Roper’s first challenge a few months out of Batten was to become the first executive director of Generation West Virginia (GWV), an organization dedicated to attracting, retaining, and advancing young talent in West Virginia.

Roper told students that her organization’s mission is both to encourage young West Virginians to remain in the state, and also to bring new people into a region that has experienced significant decline in its industrial base over recent decades, particularly when it comes to extractive industries like coal mining.

A strong narrative that advances the story of their organization’s mission is critical to drawing people into the work, she said.

“When you tell your story, you become a model, and you create roadmaps that other people and places can follow and learn from. It becomes not just about you and your work, but how other people can take that model and apply it to problems in their communities.”

Harnessing strong data is part of the answer, she said, citing the use of statistics to help sway the West Virginia legislature and the governor to approve new legislation to expand access to high-speed Internet in the state. “How do you use the power of data to amplify your voice?” she asked.

Trust the data you have, she said. “There is power in finding the right numbers.”

She cited other examples: data about the number of college graduates and others in West Virginia who leave the state, and data showing the details of the state’s overall population decline.

She also cited the example of Detroit, using data showing improvements in employment and increased population to identify best practices from other places, and to bring program models back to West Virginia.

“There is very often a singular narrative that is told about West Virginia, but it is only a part of the story. Among the challenges we face as a state, I also see a resounding narrative of resiliency and community-led change.

“In confronting options for action, there is always the choice to do nothing.
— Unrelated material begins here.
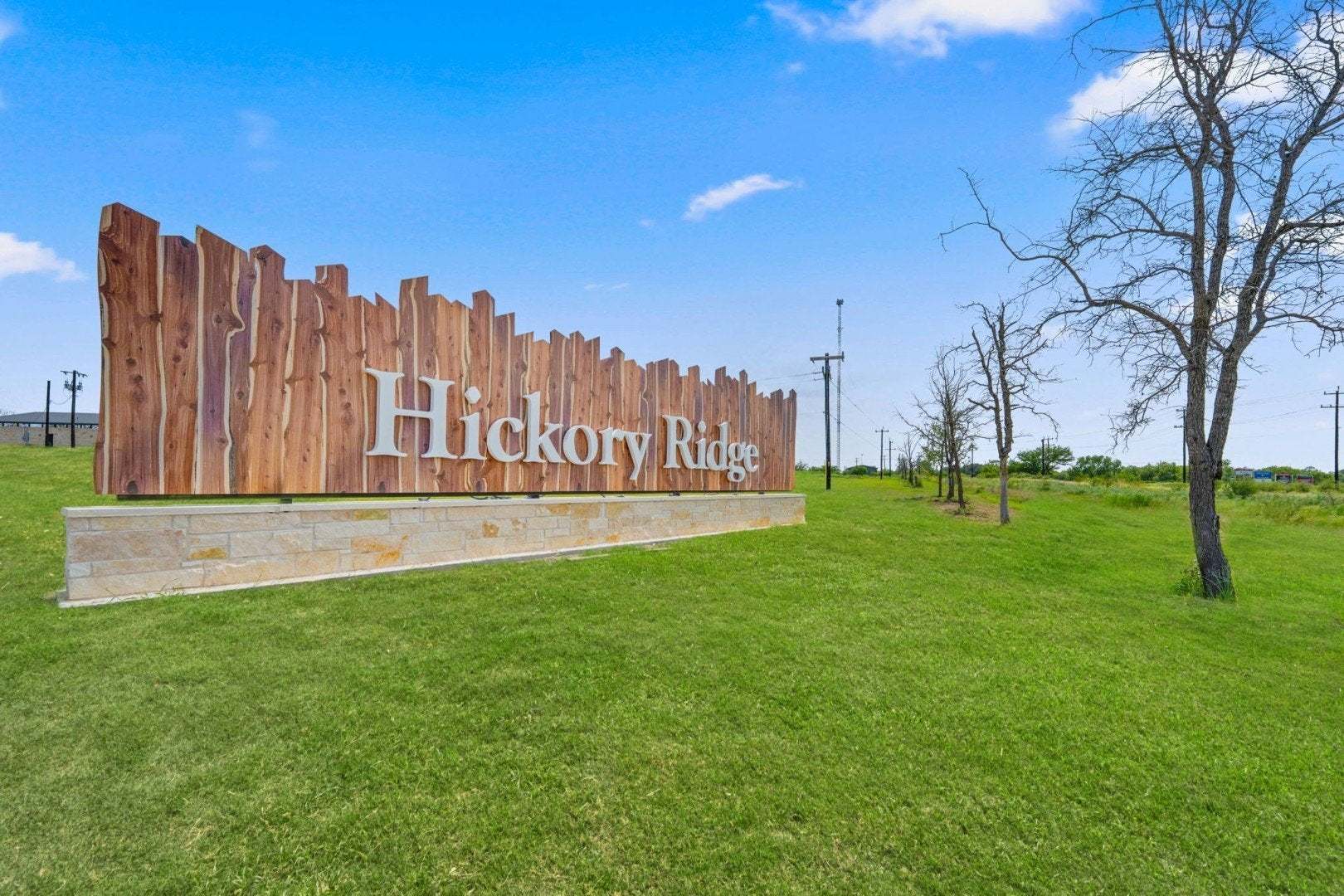 casa en Hickory Ridge por Coventry Homes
But even as overwhelming as it might seem at the time, don’t choose this option. Get out there, and do the work that is needed.”

She added, “I really believe that you need to take the big vision you believe in and continue to break it down into clearly defined problems and possible solutions. Then, trust yourself.  Go out and do it.”

While at UVA, Roper earned her undergraduate degree in Government and American Politics. As an undergraduate, she was selected to be an Echols Scholar and a member of the Raven Society. She also received the 2014 Pilot Award, selected by her classmates for her citizenship, leadership, and contribution to Batten.

Roper has been recognized as a 2016 “Wonder Woman” by the magazine WV Living. She is a 2015 recipient of the WV Woman “Rising Star” award and is a graduate of the 2015 Leadership West Virginia class.